Eva Habashi Couture is originally an atelier specialised in costume-made dresses. Nonetheless, CFF season eight marks the debut of their ready to wear line.

“Cairo Fashion Festival has a very young audience and surrounding community. Other fashion shows in the capital often have a very different guest list that might not meet my collection’s aesthetic. In my atelier, I often target much older people; however, this particular collection needed a young audience like the one here at Cairo Fashion festival,” said Habashi.

Photo by Asmaa Gamal

“Urban Geisha” by Pacinthe Badran turned many heads including the heads of the London College of Fashion delegates. The soft and sour collection is inspired by the Japanese cherry blossoms, and it highlights the two faces of each and every woman through delicate details and sharp cuts. The collection’s obvious harmony has earned the designer a grant from London College of Fashion to take a short specialised course at the headquarters.

As for Le Conteur, their very first collection told a story of young and fresh women. As the designer aims to unfold the stories of her potential clients, this collection certainly had a positive aura of its own.

“My inspiration for my first collection is nature and the very sophisticated colours found in the wilderness. For me, it reflects the inner beauty of girls. My collection is all about flowers and bright colours,” said Esraa Shaheen, founder of Le Conteur.

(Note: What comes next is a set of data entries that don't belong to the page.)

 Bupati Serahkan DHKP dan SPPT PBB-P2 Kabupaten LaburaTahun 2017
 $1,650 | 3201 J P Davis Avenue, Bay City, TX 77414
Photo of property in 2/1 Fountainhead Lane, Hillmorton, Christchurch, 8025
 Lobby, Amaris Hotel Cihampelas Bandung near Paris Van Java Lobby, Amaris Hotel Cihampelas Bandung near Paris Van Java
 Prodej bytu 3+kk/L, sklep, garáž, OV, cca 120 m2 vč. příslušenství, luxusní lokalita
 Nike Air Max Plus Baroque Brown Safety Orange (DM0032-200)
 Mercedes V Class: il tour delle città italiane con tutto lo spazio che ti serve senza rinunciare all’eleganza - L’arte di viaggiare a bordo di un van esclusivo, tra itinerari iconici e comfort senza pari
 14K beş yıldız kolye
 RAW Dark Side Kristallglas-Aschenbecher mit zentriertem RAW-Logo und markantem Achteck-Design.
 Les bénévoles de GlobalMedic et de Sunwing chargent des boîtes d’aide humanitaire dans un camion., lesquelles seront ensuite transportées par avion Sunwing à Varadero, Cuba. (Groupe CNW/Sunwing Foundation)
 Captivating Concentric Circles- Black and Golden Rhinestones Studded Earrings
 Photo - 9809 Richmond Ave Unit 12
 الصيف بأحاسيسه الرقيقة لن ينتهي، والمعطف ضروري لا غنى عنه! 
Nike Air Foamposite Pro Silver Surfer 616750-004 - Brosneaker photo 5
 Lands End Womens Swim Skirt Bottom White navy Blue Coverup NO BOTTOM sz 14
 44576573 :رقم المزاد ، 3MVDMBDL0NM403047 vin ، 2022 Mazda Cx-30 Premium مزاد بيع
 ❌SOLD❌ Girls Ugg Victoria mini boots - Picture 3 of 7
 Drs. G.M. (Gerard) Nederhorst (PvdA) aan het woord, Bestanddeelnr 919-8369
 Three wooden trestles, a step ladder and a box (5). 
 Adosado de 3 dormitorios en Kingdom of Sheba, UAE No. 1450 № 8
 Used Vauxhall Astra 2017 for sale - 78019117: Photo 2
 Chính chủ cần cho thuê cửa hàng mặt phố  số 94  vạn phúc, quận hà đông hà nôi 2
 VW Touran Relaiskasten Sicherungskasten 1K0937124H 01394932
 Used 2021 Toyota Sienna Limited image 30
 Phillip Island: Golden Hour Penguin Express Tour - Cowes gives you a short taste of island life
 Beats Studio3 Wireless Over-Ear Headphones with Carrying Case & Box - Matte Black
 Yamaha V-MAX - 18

Shaheen’s main theme was a bridesmaid concept, whereby all models wore a hand-wear corsage. According to the designer, Le Conteur is French for the storyteller. Therefore, when she starts a collection, she thinks about all perspectives such as the concept, theme, colours, and the feeling that it conjures to the woman wearing it—all to create a cohesive story.

As for her reasons to choose CFF as a launch platform for her newly born fashion label, Shaheen said that it is all in the event’s consistency and organisation. “Cairo Fashion Festival is the biggest seasonal fashion event that takes place in Cairo. Therefore, it is an ideal starting point for me in order to get great exposure and professional experience,” said Shaheen.

The night also witnessed the debut of Norine Farah’s very first ready to wear collection. Originally, the designer showcased her first couture collection on the same runway few seasons earlier. Nonetheless, after winning the DHL competition last season, Farah came back to showcase her newest masterpiece, Captured.

For this particular collection, Farah created her own fabrics, using enchanting images of nature. The practical garments captured the scenery of mountains and rivers as well as magnificent skylines, while staying true to Farah’s signature cuts and edgy necklines.

As for this year’s DHL competition, many designers put great effort into reinterpreting the brand’s iconic colours and persona. Nonetheless, the winner earned it for his smart comparison between modern and retro. Ahmed Hamdy created a theatrical tuxedo using the brand’s materials. It is safe to say that this particular fashion statement will not be forgotten any time soon.